Table 11. Mean of success percentage of each one of the defuzzificators separated by the independent roles
Defuzzifires
Role | max of membership | center of gravity | mean max | largest of max | smallest of max | weighted average |
Subject | 55.814 | 6.977 | 41.860 | 46.512 | 51.163 | 81.395 |
Subject header | 59.459 | 75.676 | 56.757 | 56.757 | 54.054 | 18.919 |
predicate | 51.220 | 82.927 | 65.854 | 60.976 | 60.976 | 7.317 |
object | 63.636 | 63.636 | 63.636 | 63.636 | 54.545 | 45.455 |
Complementary | 50.000 | 75.000 | 33.333 | 50.000 | 50.000 | 8.333 |
Table 11 shows the amount of success for each one of the defuzzifires in each of the independent roles of Farsi language, separately. Obviously, the minimum and maximum values of success are observed in weighted average and center of gravity methods. On the other hands, there are severe fluctuations in success of identification of independent roles, center of gravity (the best method for identification of these roles) and weighted average (the worse method for identification of roles).
While the values of success with low fluctuations caused that these 4 methods become successful in identification of each one of the independent roles and also the relative success is between “50-60” as shown in table 11.
As shown in Figure 4, severe fluctuations of success in identification of each of the roles related to the two approaches of center of gravity and weighted average are really sensible. On the other hands, the mild slope of changes I the 4 remained methods are also tangible.
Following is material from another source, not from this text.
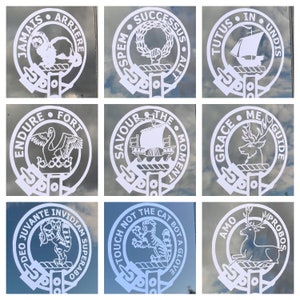 Könnte beinhalten: Neun weiße kreisförmige Designs mit schwarzem Text und Bildern darin. Die Designs befinden sich auf einem weißen Hintergrund mit blauem Himmel im Hintergrund. Der Text enthält Sätze wie "Touch Not The Cat", "Grace Me Guide" und "Spem Successus Alit".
Fig 4. Comparison of percentage mean of success in each one of the defuzzicators separated by independent roles.
Obviously, center of gravity method has the biggest mean and is just usable for identification of role of the subject, with less efficiency than the other methods. Also, in Farsi language grammar, both roles of subject and subject header can be considered as the ‘subject’. Therefore, in this way the center of gravity method acts so better than other methods for identification of independent role of sentences.
Table 12. Mean of the success percentage in each of the defuzzification methods separated by dependent roles
Defuzzifires Role | max of membership | center of gravity | mean max | largest of max | smallest of max | weighted average |
Adjective | 10.000 | 55.000 | 10.000 | 70.000 | 10.000 | 35.000 |
Adverb | 7.407 | 92.593 | 92.593 | 92.593 | 92.593 | 70.370 |
Unknown | 3.846 | 23.077 | 50.000 | 55.769 | 51.923 | 76.923 |
Subject | 16.667 | 50.000 | 8.333 | 25.000 | 16.667 | 33.333 |
possessive | 11.765 | 41.176 | 29.412 | 17.647 | 29.412 | 17.647 |
possess | 14.286 | 28.571 | 14.286 | 7.143 | 21.429 | 14.286 |
appositive | 66.667 | 66.667 | 33.333 | 33.333 | 66.667 | 33.333 |
conjunct | 50.000 | 100.000 | 100.000 | 100.000 | 100.000 | 100.000 |
conjunctive | 50.000 | 100.000 | 100.000 | 100.000 | 100.000 | 75.000 |
exclamation | 50.000 | 75.000 | 75.000 | 75.000 | 75.000 | 0.000 |
proclaimed | 50.000 | 100.000 | 75.000 | 75.000 | 75.000 | 25.000 |
Table 12 shows the success percentage of each of the dependent roles in each one of the 6 defuzzifire methods in detail. It is to be noted that ‘unknown’ means the words without any dependent roles in the sentence. Dependent roles in reality are the roles where their existence in the sentence is depended on another role.
While investigation of the most successful dependent methods, the center of gravity defuzzifire method had success lower than 40% just in two cases of roles, while in other methods, values less than 40% were seen at least in 4 cases.
Of course, it should be noted that these two cases of minimum role in the center of gravity defuzzification method lay in the 6 first rows of the Table 13, which means a notable effect in the sentences of Farsi language.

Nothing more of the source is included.